Esse recorte não é só uma questão de um passado remoto, mas do presente. As gravações   tiveram início em 1962, sendo lançado em 1984. O lançamento tardio deu-se às muitas censuras como apreensão do material a mando dos latifundiários locais e acatada pelas forças de repressão do estado da Paraíba.

Eduardo Coutinho conhecido por retratar em seus filmes pessoas comuns mostra nas filmagens a poesia do sertão nordestino e a dor marcada no rosto de cada um. O cenário conta com gravações de fatos reais e uma pequena filmagem produzidas durante o regime ditatorial.

Elisabeth Teixeira e seus filhos [Foto: reprodução]
O enfoque do filme são lutas travadas pelas ligas Camponesas que buscavam  a reforma agrária. Diante de muitas ocupações de terras originou-se a Associação de Lavradores e trabalhadores Agrícolas de Sapé fundada na Paraíba por João Pedro Teixeira, assassinado por defender os interesses e o direito do trabalhador. Problemática  corriqueira no Brasil diante dos assassinatos de líderes que defendem os direitos humanos.

Essa é a história de João Teixeira (morto em 1962), de Elisabeth Teixeira, e dos seus filhos, que, além de viver com a impunidade da justiça sobre a morte da personalidade, tiveram que fugir do seu pedaço de chão e esquecer seus verdadeiros nomes.  A ditadura legitimou e reprimiu os trabalhadores rurais em toda esfera de poder. A obra se faz necessária e contemporânea às problemáticas brasileiras. 

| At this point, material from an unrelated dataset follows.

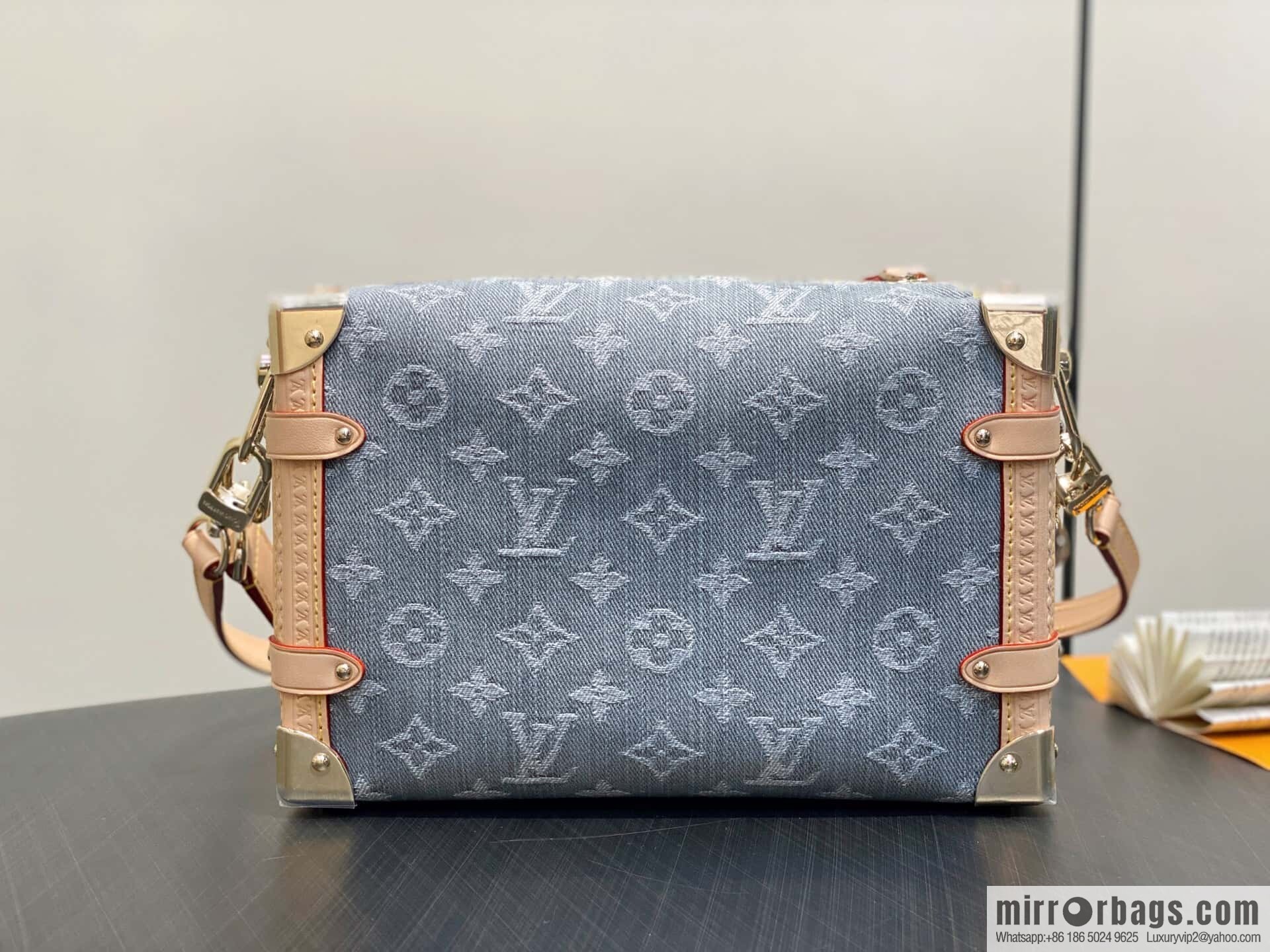 [Boutique‑grade] M13285 new gray, denim soft box Side Trunk medium handbag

Os longas acima retratam em plano cinematográfico peculiaridades e memórias de cada ditadura de países da América Sul. Sem dúvida não existe uma ditadura melhor ou pior, todas sem exceção retiraram a liberdade, característica intrínseca ao ser humano, e o relega à clandestinidade. Essas produções nacionais são importantes por permitir o acesso e a construção de memórias, e entender problemáticas que se perpetuam ainda hoje. Às ditadura da Bolívia e do Peru não foram retratadas aqui por ter  escassas produções que falem sobre isso.